1. 在本次實驗中，2048 維特徵的分類性能略高於 1000 維特徵。
高維特徵保留了更多的結構化信息，對 Food101 這樣的多類別數據集可能更為適合。
應用場景的選擇:

2. 如果計算資源有限，使用 1000 維特徵可以減少存儲和計算成本，同時保持接近的分類性能。
如果對分類精度要求較高，尤其是對 Macro-average F1 的要求更高，可以選擇 2048 維特徵。
未來優化方向:

3. 嘗試其他分類器（例如 SVM 或神經網路）進一步提升分類性能。
探討對 ResNet50 特徵進行微調（Fine-tuning），可能進一步提升 1000 維特徵的性能。

### **第三題**

In [16]:
# 1.環境準備

from torchvision import transforms

# 訓練數據的增強
train_transforms = transforms.Compose([
    transforms.RandomResizedCrop(224),  # 隨機裁剪
    transforms.RandomHorizontalFlip(),  # 隨機水平翻轉
    transforms.ToTensor(),
    transforms.Normalize(mean=[0.485, 0.456, 0.406], std=[0.229, 0.224, 0.225])
])

# 測試數據的處理
test_transforms = transforms.Compose([
    transforms.CenterCrop(224),  # 中心裁剪
    transforms.ToTensor(),
    transforms.Normalize(mean=[0.485, 0.456, 0.406], std=[0.229, 0.224, 0.225])
])


In [19]:
#數據加載

from torchvision.datasets import ImageFolder
from torch.utils.data import DataLoader

# 訓練集和測試集加載
train_dataset = ImageFolder(root='./food101/food-101/images', transform=train_transforms)
test_dataset = ImageFolder(root='./food101/food-101/images', transform=test_transforms)

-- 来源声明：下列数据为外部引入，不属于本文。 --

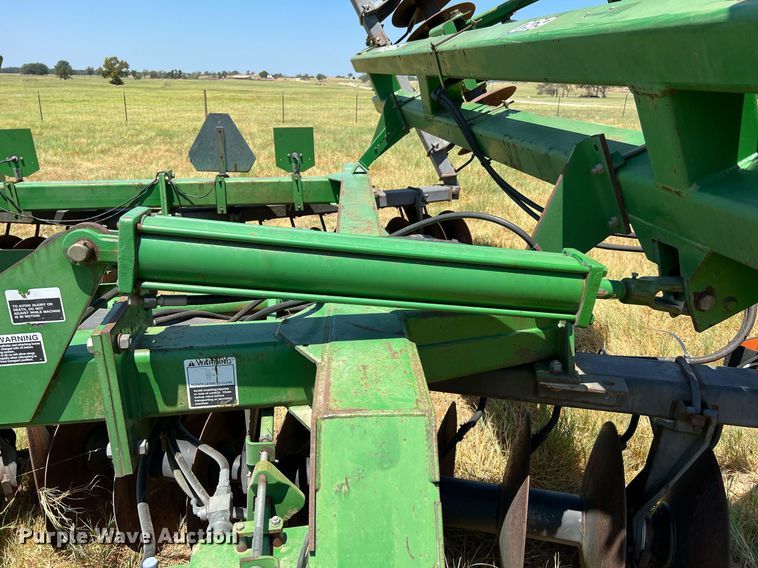 image for item DQ2157 John Deere 650  disk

train_loader = DataLoader(train_dataset, batch_size=32, shuffle=True, num_workers=4)
test_loader = DataLoader(test_dataset, batch_size=32, shuffle=False, num_workers=4)


In [20]:
# 2.模型定義

import torch
from torchvision.models import resnet50
import torch.nn as nn

# 載入預訓練模型
model = resnet50(weights="IMAGENET1K_V2")
num_ftrs = model.fc.in_features  # 原始 fc 層的輸入維度
model.fc = nn.Linear(num_ftrs, 101)  # 替換為 101 類別的全連接層


In [21]:
# 全模型調整
for param in model.parameters():
    param.requires_grad = True


In [22]:
# 只調整 fc 層
for param in model.parameters():
    param.requires_grad = False
for param in model.fc.parameters():
    param.requires_grad = True


In [23]:
# 3.訓練與驗證過程
#損失函數與優化器
#使用交叉熵損失和 Adam 優化器進行訓練：

import torch.optim as optim

# 定義損失函數與優化器
criterion = nn.CrossEntropyLoss()
optimizer = optim.Adam(filter(lambda p: p.requires_grad, model.parameters()), lr=0.001)


In [24]:
# Early Stopping
# 根據題目要求，設置 Early Stopping（若驗證集表現 5 個 epoch 無提升則停止訓練）：

class EarlyStopping:
    def __init__(self, patience=5):
        self.patience = patience
        self.counter = 0
        self.best_score = None
        self.early_stop = False

    def __call__(self, val_loss):
        score = -val_loss
        if self.best_score is None or score > self.best_score:
            self.best_score = score
            self.counter = 0
        else:
            self.counter += 1
            if self.counter >= self.patience:
                self.early_stop = True


In [25]:
# 訓練函數

def train_and_validate(model, train_loader, test_loader, criterion, optimizer, device, max_epochs=100):
    model.to(device)
    early_stopping = EarlyStopping(patience=5)
    train_loss_history, val_loss_history = [], []
    train_acc_history, val_acc_history = [], []
    val_f1_history = []

    for epoch in range(max_epochs):
        model.train()
        train_loss, correct, total = 0, 0, 0
        for inputs, targets in train_loader:
            inputs, targets = inputs.to(device), targets.to(device)
            optimizer.zero_grad()
            outputs = model(inputs)
            loss = criterion(outputs, targets)
            loss.backward()
            optimizer.step()

            train_loss += loss.item()
            _, predicted = outputs.max(1)
            total += targets.size(0)
            correct += predicted.eq(targets).sum().item()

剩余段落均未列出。